既に説明してきた制御対象モデル(3次遅れモデルや、1 次遅れ + むだ時間モデル)は、このタイプに対応するモデルです。このタイプのモデルの形式は、モデルパラメータの値によって、できるだけ広い範囲の制御対象に、適合できる、モデルであることが必要です。
ただし、作成した個々のモデルは、安定限界付近の周波数帯域で、適合すれば十分であり、広い周波数範囲で適合する必要はありません(3.2.2.(5))。
制御対象の特性を実測して、その実測データから、モデルを作る場合には、このタイプのモデルになります。
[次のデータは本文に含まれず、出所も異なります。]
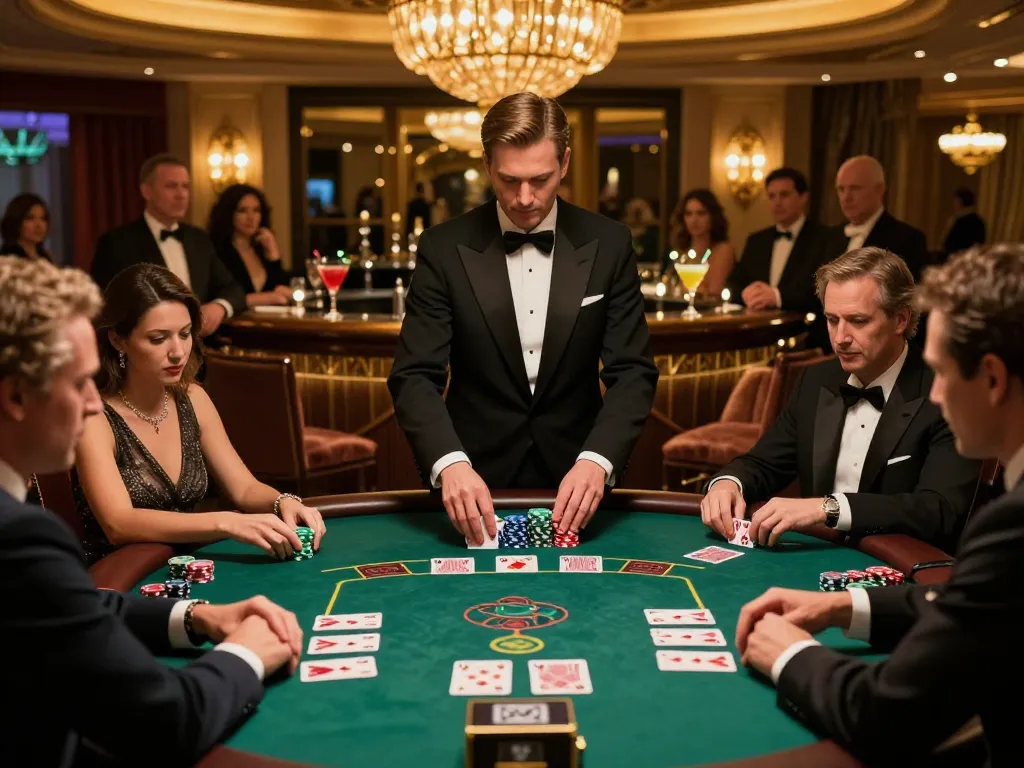 Players at the Fly88 movie blackjack table strategizing their next move in a luxurious casino setting.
実測データからモデルを作る方法は、次の (5) に示します。
◆ もう 1 つは、制御対象の特性自体を変えて、ケーススタディを行いたい場合です。
このタイプのモデルは、制御対象モデルの構造が、実際の制御対象と、物理的(または化学的)に、ある程度対応していることが必要です。
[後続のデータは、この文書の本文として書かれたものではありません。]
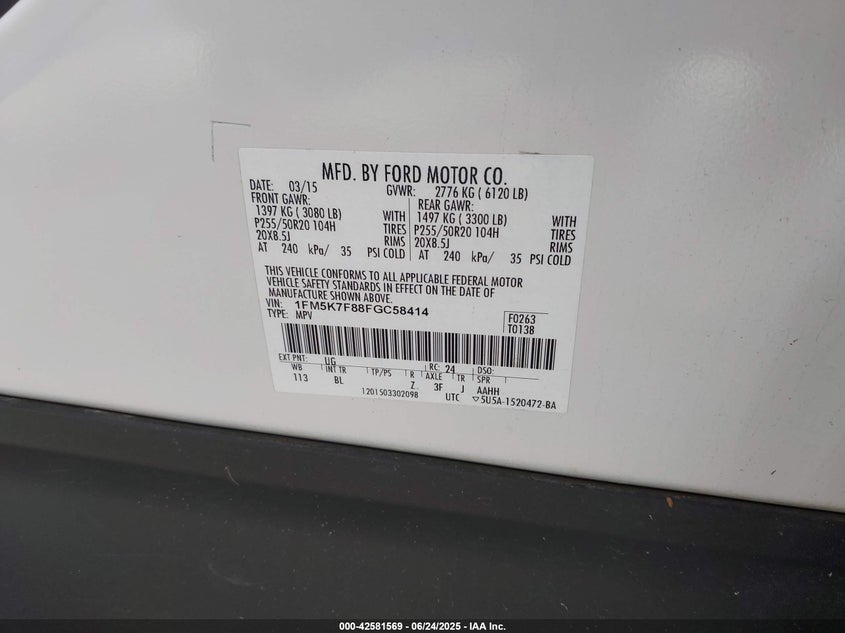 2015 FORD EXPLORER LIMITED - 1FM5K7F88FGC58414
6.1 章に示す、モータのモデルは、このタイプに属します。
◆ 制御対象の応答を実測して、その実測データから、シミュレーションモデルを作ります。実測する応答は、ステップ応答、パルス応答、周波数応答の、3 種類が考えられます。
ステップ応答は、測定、モデル作り、共に簡単です。ただし、モデルの精度は高くありません。とくに、高周波の情報が得られないという欠点があります。
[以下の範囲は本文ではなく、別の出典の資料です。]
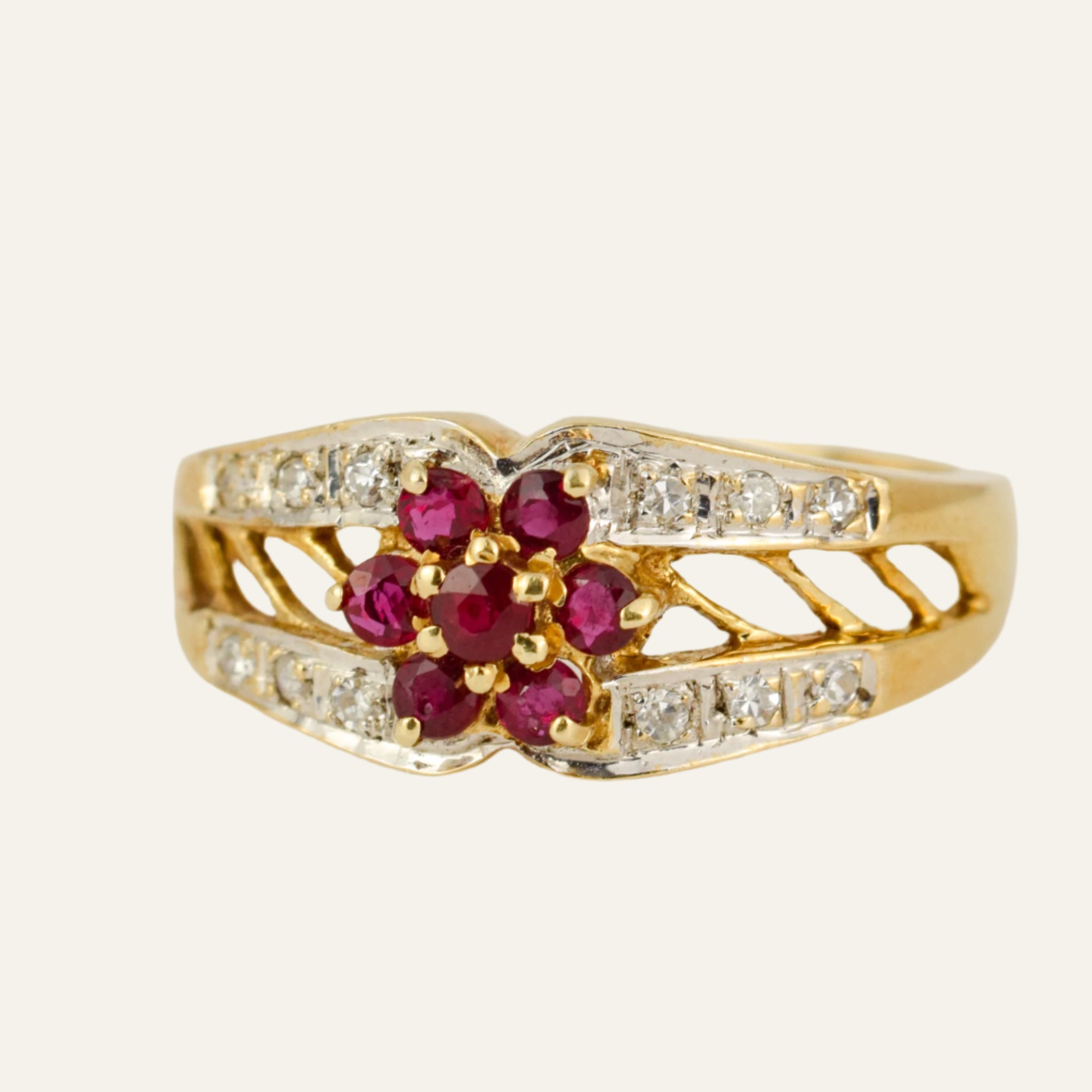 Ruby and Diamond Flower Ring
パルス応答 は、入力にパルス(半正弦波)を使用します(図 3-2-21)。
◆ 測定は、比較的簡単であり、制御対象に与える影響が少ないという特徴があります。しかし、測定データから、モデルを作るデータ処理が面倒です。また、ステップ応答と逆に、低周波の誤差が大きいという欠点があります。
この誤差の問題は、使用する入力信号自体に含まれる、情報に依存しています。すなわち、ステップ入力には高周波成分が少なく、パルス入力には低周波成分が少ないのです。
周波数応答は、入力信号の周波数範囲を広く取れば、その範囲の周波数情報を得ることができます。この点では優れています。しかし専用の測定器を必要とし、測定に時間が掛かります。
◆ この講座では、簡便な、ステップ応答から作る方法を紹介します。
◆ 従来から紹介されているやり方です(図 3-2-22)。
◆ ステップ応答の応答曲線(緑)上の変曲点に接線(赤)を引きます。この接線が、横軸をよぎる点までの時間 T1 が無駄時間です。
また、ステップ応答曲線が平衡に達したときの値と、接線との交点の時間を T2 とすれば、T2 - T1 が 1 次遅れの時定数になります。
PSPICE 上で、この作業を行うことができます。
実測データを入力するには、デバイス 電圧源 V の折れ線近似波形を使用します。書式は、
<V(名称)><+ノード><-ノード>PWL(<t1><v1><t2><v2>・・・<tn><vn>)
( < > は必須 )
です。<ti><vi> が、折れ点の座標です。上記の書式のままでは、分かりにくいので、たとえば、下記のように、区切り記号を入れると、見やすくなります。
VP 1 0 PWL (0,0)(1,1)(2,1)(3,0)
データの入力は、時間間隔を等しくしないで、特に変曲点の付近を詳しく、正確に入力します。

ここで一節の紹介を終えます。